Timing of Treasury’s cash flows. Treasury cash flows are by far the most uncertain variable in our projections, because they are highly volatile on a day-to-day (and even monthly) basis. As shown in the figure below, the months that follow December are typically cash flow neutral or negative for the U.S. government. February in particular drains federal coffers more than any other month during the year because many tax refunds are distributed that month. This contrasts with the last debt limit episode in March, when Treasury benefited from a large cash influx in April as federal income tax returns came due.
Source: Daily Treasury Statements
Major Policy Changes Could Move “X Date”
As previously stated, BPC’s “X Date” range does not incorporate unforeseen major economic shifts or fiscal policy changes. Specifically, three policy areas currently under debate in Congress could affect BPC’s projections.
Increased Disaster Spending. Elevated federal spending on disaster relief can accelerate “X Date” timing. In 2017, the United States and its territories were struck by three major hurricanes and severe wildfires. So far, Congress has appropriated tens of billions of dollars in supplemental disaster spending for the areas affected by these storms, but the funding to date has been described as only a “down payment.” Under any scenario, outlays from the federal government for emergency spending will continue to be elevated in the coming months, as the funds that have been allocated are spent. An additional disaster relief package, however, would increase those outlays further.
Fiscal Year 2018 Federal Appropriations. Policymakers are currently debating appropriations levels for FY 2018. If a deal is reached that increases defense and/or domestic discretionary spending significantly relative to prior years, this could move the “X Date” closer.
Tax Reform. The Joint Committee on Taxation’s cost scores, both traditional and dynamic, of the latest tax reform packages being debated in the House and Senate indicate that the bills would reduce revenues in Fiscal Year 2018 (which runs from Oct. 1, 2017 to Sept. 30, 2018). If a tax reform bill becomes law, it could affect BPC’s projections as individuals and corporations modify (primarily reduce) their tax withholdings, lowering federal revenues in the months following enactment.

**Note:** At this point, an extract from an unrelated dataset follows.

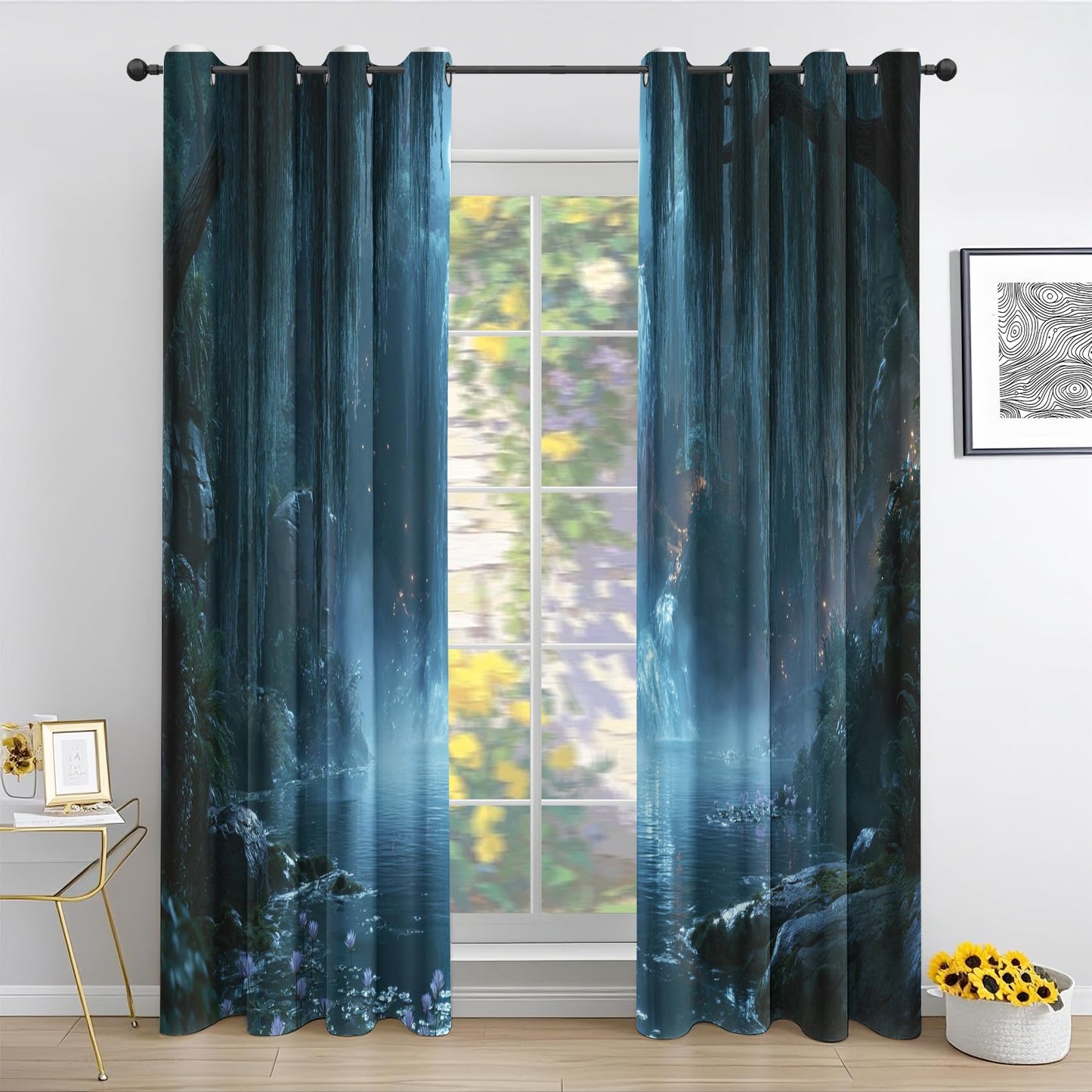 Cave Waterfall Curtains 27.5x39 Inch, 2 Panels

Financial analysts have also projected that tax reform could cause a one-time payment from the Treasury Department of approximately $10 billion to $20 billion to Fannie Mae and Freddie Mac.
Any one of these changes alone would likely be insufficient to warrant an adjustment to BPC’s “X Date” range, but a combination of them or an accompanying shift in economic circumstances could alter the landscape. BPC will continue to monitor these and other issues that could affect the debt limit “X Date” and publish updates as warranted.
Additional Debt Limit Resources
- Debt Limit 101
- Extraordinary Measures, Simplified
- Debt Limit Myths and Facts
- History of the Debt Limit
*UPDATE: This blog originally stated that the debt limit would return at “approximately $20.6 trillion.” That figure should have read “approximately $20.4 trillion.”
Also, this blog originally stated Treasury will have an additional $23 billion of cash-on-hand available on December 8. This figure has been corrected to roughly $50 billion. At this time, the adjustment is not significant enough to affect BPC’s “X Date” projection.